No matter that the £20 notes bearing his face have been withdrawn from circulation, Edward Elgar still reigns supreme at the Three Choirs festival. Adrian Partington, in his first stint as artistic director at Gloucester, reinforced the association by making The Kingdom the single work of this year's opening night.
Central to the nature of Elgar's major choral works is the composer's deeply rooted Catholicism. The fact that, in 1901, it was Gloucester Cathedral's dean who banned The Dream of Gerontius – due to unease about its setting of Cardinal Newman's poem – only underlined Elgar's extraordinary tenacity in pursuing his vision of The Kingdom as an oratorio exalting the role of St Peter as the establishing rock of the Christian church.
It was this sense of a profoundly personal affirmation of faith that came across most convincingly, thanks primarily to the authority of Roderick Williams. His beautifully inflected and burnished baritone made Peter's passionate conviction the dramatic heart of the work. None of the other soloists, Susan Gritton, Pamela Helen Stephen and Adrian Thompson could begin to match Williams for clarity and insight, though Gritton wisely saved her best for the intimacy of The Sun Goeth Down.

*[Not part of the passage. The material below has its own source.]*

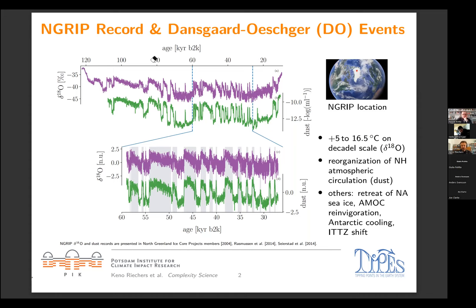Dansgaard-Oeschger events are temperature jumps of 5 to 16.5 degrees increase in annual mean temperature over Greenland — so we're talking about something regional. These jumps happened on decadal timescales, something on the order of 100 years of transition time from the cold state to the warmer state. They are also accompanied by a reorganization of the northern hemisphere atmospheric circulation, which is indicated by the dust. The dust found in the N-GRIP ice core mostly originates from Asian deserts, and depending on how the atmospheric circulation is configured, this dust can reach Greenland or it cannot — which is why you see the sudden changes in dust just as in the δ18O.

The Philharmonia – in residence this week – could be relied upon to realise the quiet ecstasy of Elgar's string-writing just as well as its joyful brassy surges. Adrian Partington proved a steady hand in guiding the transitions from hushed invocation to the rushing wind and flaming tongues of the holy spirit, but his conducting came most urgently to life in the choruses, where the massed festival voices responded with fervour.